We can present the union of events as: $A\cup B=(A\backslash(A\cap B))\cup(A\cap B)\cup(B\backslash(A\cap B))$. Thus, we get: $P(A\cup B)=P(A\backslash(A\cap B))+P((A\cap B))+P(B\backslash(A\cap B))=P(A)+P(B\backslash(A\cap B))$.

From the latter we find: $P(A\cup B)-P(A)=P(B\backslash(A\cap B))$.

From the latter we find that: $0.53-0.45=P(B)-P(A\cap B)$ . We substitute $P(B)=0.22$ and get: $P(A\cap B)=0.22-0.08=0.14$.

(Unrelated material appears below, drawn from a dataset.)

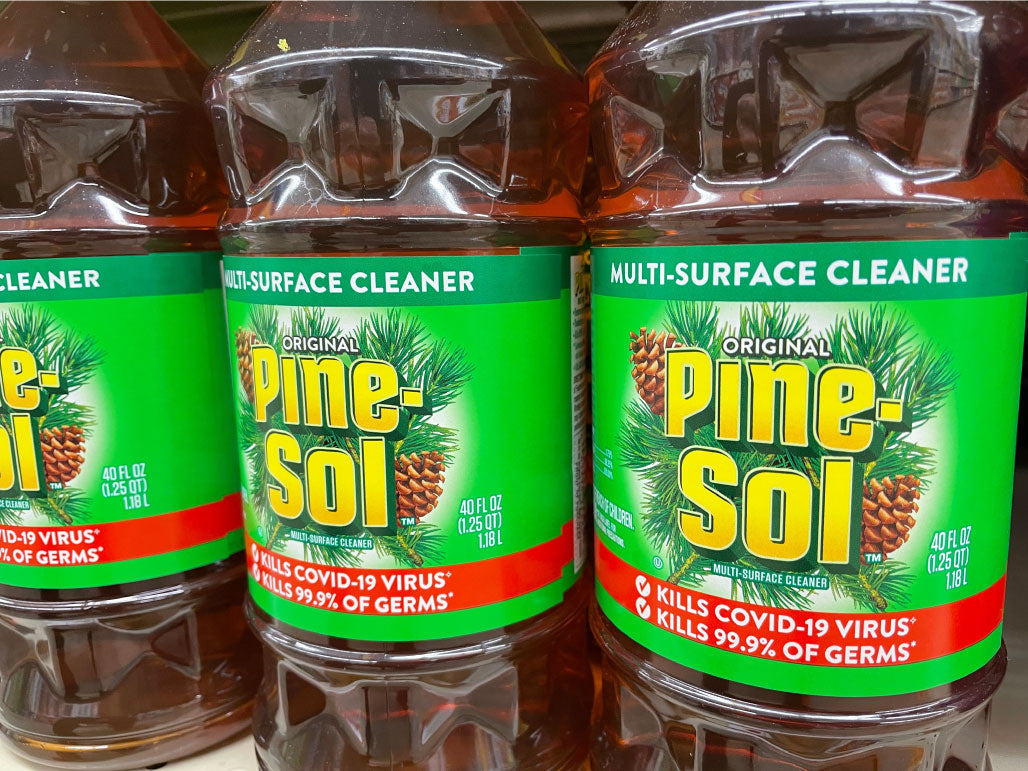 Image of Pinesol cleaner on a shelf in grocery store.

Denote the whole probability space by $X$. Then, $\bar{A}=X\backslash A$ and $\bar{B}=X\backslash B$. Thus, we get: $\bar{A}\cup{\bar{B}}=(X\backslash A)\cup(X\backslash B)=X\backslash(A\cap B)$. We get:

a). $P(\bar{A}\cup{\bar{B}})=P(X\backslash(A\cap B))=P(X)-P(A\cap B)=1-0.14=0.86$.

b). For independent events one has: $P(A\cap B)=P(A)P(B)$. $P(A)P(B)=0.099$. It follows from the formulation of the problem. As we can see $P(A)P(B)\neq P(A\cap B)$. Thus, the events are not independent.